The Criterion, established in 1932, predates the town’s zoning regulations, and thus, had a legal monopoly on cinema in Bar Harbor – until Reel Pizza was founded.

“It’s very possible we will beforced to close if Reel Pizza Cinerama is allowed to remodel as a twin cinema,” reads the advertisement. “That is not a threat or a plea for sympathy. It’s reality.”

But according to Vincenty, who spent 14 years working for Morison as a projectionist, janitor and all-around manager at the Criterion, the two theaters can coexist.

“The business is busting at the seams – it’s ridiculous,” Vincenty said. “The mere fact that my business has grown shows that the market is wide open here. When people come from a place with 70 screens in a 10-minute vicinity, they expect choice,” he said.

Reel Pizza turned away more than 60 people at a second-run showing of the popular film “Chicken Run” last summer after the show sold out in just ten minutes. Even during the slower winter season, Reel Pizza sold out about half the time, Vincenty said.

The historic Criterion Theater has a single screen and shows one movie per night – primarily studio blockbusters – throughout the summer tourist season. The classic Art Deco auditorium can seat nearly 900 people, according to Vincenty.

“The Criterion Theatre was, and is, a place to get away from the modern harsh world and luxuriate among her velvet curtains, romantic loge [box seating] and the grace of times gone by,” he said.

Reel Pizza, on the other hand, has positioned itself as an intimate art-house theater, showing lesser-known films to small crowds nearly year-round. It shows occasional hit movies, but as second-run films, six to eight months after their national release, Vincenty said.

The seating is nontraditional, ranging from overstuffed couches and aluminum TV tables to booths. It’s personality won’t change with the new building, Vincenty said.

“The idea isn’t that I want to be more mainstream, it’s so I can expand on my eclectic spread,” he said.

But in the advertisement, an open letter to Bar Harbor citizens, the Criterion claims Reel Pizza is a direct and unfair competition.

“We were the first north of Portland and possibly the first in Maine to show films other than mainstream movies,” it reads.

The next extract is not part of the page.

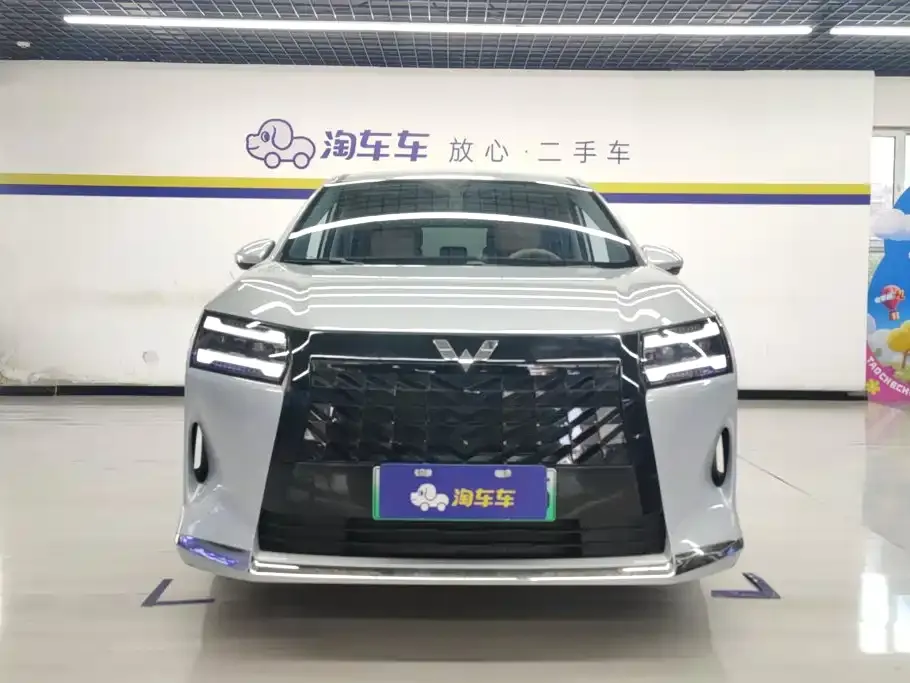 Wuling Starlight 730 New Energy — фото 3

“Competition is one thing. We’ve always had it, even before Reel Pizza opened, as does any business selling entertainment in a tourist area. Unfair competition resulting from the failure to enforce a zoning ordinance is another,” it reads.

Presently, Reel Pizza is closed in anticipation of construction. But regardless of whether its expansion is approved, the restaurant-cum-theater will reopen this spring.

“It’s hard with these twists and turns. Every time I think I’ve got it nailed down, something else comes up,” Vincenty said with a sigh. “I’m just trying to make a living. I’ve got my hopes and dreams, and I just want to pursue them and be left alone.”